John Lee is an emergency physician and Epic consultant who helps health systems bridge the gap between Epic’s capabilities and operational reality. He specializes in data architecture, registry optimization, and making Epic’s tools actually deliver results.
If you need help configuring your Epic environment to support these capabilities, connect with him on LinkedIn or via his website.



John this is such a wonderful example of the primary conflict in contemporary US healthcare. The dilema between the Mission and Margin. The tension is always present because right across healthcare the Margin has taken over so much of the operations of the healthcare machine. Patients are merely materials consumed and processed by the machine rather than human beings in pain and distress.
Now you and I both know that the actual humanity exemplified in your opening story is absolutely still in the core being of every single medical and care provider, but every single day we are asked to compromise our Mission at the feet of the Margin Idol. The machine becomes more and more built to sustain the Margin. Even the efforts to reduce administrative burden on clinicians is not fuelled with altruistic belief in the mission. It is wrapped in an expectation of greater productivity, lower costs and faster throughput.
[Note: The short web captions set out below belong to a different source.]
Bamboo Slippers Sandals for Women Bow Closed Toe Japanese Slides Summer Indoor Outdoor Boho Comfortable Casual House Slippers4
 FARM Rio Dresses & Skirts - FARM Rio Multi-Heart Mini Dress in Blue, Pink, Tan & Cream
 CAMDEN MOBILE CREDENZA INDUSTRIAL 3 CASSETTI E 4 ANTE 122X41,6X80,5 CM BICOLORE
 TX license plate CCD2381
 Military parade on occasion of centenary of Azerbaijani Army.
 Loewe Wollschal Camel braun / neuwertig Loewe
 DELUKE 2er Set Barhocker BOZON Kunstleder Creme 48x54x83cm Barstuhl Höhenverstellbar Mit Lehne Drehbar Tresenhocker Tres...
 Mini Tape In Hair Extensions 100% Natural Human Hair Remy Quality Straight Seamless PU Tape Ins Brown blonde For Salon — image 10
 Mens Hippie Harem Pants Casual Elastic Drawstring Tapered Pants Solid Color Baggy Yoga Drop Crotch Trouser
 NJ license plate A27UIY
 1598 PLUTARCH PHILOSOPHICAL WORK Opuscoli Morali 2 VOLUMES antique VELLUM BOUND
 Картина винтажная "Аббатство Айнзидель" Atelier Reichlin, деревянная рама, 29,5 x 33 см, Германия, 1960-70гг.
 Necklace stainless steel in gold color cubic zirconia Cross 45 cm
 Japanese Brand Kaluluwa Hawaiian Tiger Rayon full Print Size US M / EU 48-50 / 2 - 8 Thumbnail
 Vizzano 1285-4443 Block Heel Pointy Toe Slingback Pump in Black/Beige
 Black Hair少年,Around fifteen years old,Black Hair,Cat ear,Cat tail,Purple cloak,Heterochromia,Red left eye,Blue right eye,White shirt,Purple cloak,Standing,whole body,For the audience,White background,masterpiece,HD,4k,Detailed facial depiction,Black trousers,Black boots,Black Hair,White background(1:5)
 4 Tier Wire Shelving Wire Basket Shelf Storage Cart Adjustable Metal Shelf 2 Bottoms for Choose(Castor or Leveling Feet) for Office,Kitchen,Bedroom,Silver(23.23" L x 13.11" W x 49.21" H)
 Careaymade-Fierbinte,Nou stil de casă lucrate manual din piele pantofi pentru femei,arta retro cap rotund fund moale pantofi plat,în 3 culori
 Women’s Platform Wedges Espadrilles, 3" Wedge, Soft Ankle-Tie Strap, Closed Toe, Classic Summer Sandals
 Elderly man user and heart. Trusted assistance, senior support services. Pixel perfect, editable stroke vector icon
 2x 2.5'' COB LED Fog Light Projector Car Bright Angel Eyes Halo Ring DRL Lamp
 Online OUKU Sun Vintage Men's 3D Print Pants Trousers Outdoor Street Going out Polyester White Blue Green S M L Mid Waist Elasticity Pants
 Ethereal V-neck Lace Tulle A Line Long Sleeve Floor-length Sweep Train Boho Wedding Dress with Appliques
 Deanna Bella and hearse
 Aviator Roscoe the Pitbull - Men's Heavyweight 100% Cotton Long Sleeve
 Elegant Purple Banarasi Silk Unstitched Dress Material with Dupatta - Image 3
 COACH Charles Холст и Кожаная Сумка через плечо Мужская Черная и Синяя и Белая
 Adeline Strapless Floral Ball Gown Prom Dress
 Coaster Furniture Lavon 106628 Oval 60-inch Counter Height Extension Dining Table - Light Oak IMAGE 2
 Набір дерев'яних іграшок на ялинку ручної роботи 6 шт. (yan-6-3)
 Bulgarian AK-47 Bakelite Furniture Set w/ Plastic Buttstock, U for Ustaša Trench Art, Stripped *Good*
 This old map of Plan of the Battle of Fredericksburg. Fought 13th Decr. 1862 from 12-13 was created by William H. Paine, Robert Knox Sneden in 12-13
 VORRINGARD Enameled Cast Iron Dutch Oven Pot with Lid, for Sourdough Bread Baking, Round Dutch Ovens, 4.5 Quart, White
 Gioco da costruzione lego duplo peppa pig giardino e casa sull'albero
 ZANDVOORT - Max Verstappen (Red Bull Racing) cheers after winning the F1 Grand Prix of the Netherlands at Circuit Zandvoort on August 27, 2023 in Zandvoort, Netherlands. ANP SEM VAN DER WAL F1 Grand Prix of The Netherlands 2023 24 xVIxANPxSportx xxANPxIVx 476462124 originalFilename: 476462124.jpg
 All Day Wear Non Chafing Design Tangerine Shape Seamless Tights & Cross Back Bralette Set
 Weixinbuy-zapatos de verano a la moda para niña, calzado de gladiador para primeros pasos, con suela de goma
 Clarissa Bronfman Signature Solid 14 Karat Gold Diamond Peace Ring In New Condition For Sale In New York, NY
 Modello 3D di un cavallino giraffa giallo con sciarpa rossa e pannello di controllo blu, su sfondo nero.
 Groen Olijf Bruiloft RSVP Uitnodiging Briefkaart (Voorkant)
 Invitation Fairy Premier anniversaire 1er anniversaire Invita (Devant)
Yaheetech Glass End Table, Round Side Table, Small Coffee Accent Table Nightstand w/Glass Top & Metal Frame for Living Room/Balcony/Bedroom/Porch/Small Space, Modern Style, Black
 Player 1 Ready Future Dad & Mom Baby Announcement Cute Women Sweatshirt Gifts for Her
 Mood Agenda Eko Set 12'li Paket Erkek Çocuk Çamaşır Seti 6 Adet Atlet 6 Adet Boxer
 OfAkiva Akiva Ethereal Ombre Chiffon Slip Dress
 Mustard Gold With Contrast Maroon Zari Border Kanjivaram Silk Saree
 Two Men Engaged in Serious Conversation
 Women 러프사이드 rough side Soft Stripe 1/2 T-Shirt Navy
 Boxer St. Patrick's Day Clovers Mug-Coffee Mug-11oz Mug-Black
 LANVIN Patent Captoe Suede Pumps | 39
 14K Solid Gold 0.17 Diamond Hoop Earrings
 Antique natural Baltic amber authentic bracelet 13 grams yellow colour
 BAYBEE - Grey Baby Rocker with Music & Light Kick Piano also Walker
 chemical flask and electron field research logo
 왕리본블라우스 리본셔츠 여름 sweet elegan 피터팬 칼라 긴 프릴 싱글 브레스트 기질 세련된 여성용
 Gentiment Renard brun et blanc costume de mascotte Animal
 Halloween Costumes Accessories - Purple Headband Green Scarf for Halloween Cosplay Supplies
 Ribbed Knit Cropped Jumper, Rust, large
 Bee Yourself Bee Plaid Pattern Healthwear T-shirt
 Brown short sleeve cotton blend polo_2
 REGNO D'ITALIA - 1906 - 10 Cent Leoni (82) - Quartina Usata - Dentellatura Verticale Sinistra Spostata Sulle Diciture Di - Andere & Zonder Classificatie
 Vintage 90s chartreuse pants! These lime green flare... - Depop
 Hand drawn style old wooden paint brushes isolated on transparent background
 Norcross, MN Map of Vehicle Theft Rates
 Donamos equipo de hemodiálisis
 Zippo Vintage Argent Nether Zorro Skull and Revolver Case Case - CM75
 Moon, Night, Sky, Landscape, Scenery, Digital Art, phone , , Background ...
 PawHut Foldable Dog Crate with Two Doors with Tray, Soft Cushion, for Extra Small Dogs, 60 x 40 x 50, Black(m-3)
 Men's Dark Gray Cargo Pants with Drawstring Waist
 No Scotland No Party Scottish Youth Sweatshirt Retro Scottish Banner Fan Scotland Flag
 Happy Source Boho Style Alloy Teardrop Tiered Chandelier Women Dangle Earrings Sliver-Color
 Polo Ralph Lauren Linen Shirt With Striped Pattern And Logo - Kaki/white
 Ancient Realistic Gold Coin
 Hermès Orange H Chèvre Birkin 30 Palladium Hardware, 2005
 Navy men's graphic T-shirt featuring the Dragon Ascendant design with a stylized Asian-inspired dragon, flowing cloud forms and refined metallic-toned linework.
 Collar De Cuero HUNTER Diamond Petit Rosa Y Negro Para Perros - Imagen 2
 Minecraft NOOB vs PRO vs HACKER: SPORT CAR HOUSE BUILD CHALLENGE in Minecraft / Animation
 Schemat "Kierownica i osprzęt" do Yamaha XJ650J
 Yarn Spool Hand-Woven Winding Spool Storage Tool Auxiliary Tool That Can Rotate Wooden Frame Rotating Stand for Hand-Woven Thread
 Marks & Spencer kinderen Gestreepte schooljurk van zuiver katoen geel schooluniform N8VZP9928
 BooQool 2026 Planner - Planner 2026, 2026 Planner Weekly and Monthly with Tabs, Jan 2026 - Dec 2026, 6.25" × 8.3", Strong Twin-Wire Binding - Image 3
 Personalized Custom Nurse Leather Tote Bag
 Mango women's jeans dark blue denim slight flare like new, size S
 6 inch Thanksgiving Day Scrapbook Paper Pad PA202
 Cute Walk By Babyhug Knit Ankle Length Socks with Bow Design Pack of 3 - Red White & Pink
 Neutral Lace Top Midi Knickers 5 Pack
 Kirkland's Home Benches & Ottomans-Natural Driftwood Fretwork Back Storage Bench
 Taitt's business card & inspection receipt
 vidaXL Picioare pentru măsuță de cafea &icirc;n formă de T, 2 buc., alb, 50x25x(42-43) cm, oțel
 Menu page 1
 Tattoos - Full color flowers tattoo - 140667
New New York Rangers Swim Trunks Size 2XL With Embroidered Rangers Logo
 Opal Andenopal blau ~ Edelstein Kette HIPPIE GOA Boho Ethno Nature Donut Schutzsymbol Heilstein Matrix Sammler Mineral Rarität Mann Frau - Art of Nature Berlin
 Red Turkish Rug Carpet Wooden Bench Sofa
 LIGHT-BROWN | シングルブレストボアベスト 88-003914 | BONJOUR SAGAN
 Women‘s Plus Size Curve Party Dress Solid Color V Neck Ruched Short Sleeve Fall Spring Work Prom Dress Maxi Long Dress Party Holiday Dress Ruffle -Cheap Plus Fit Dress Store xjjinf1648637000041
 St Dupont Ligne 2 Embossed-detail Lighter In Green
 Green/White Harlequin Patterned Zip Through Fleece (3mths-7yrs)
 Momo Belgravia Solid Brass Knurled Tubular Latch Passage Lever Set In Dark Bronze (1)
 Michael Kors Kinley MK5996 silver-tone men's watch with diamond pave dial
Thank you for so thoughtfully describing your own insight and Eureka about your own part in this.
The hardest act in this story is not that you did nothing. It is that you stopped something already moving. The ambulance was appropriate, the transfer defensible, the workup done. By the ordinary grammar of emergency medicine the next step already had momentum, and you interrupted a medically legitimate trajectory because the meaning of the case had changed under it.
That is the kind of judgment that only shows up at the edge of treatment. It recognizes the moment the real question has quietly moved from where can we send this patient to where should this life be allowed to end. The clinical facts were all still true. They simply sat inside a different human frame, one that decided which of them now mattered.
That is also why the missing billing code feels so revealing. The system can count the scan, the call, the disposition. It has no way to see the moment when the most skilled medical act is to cancel the next medical act. What you gave that family was not less medicine. It was medicine that knew when to stop being motion and become witness.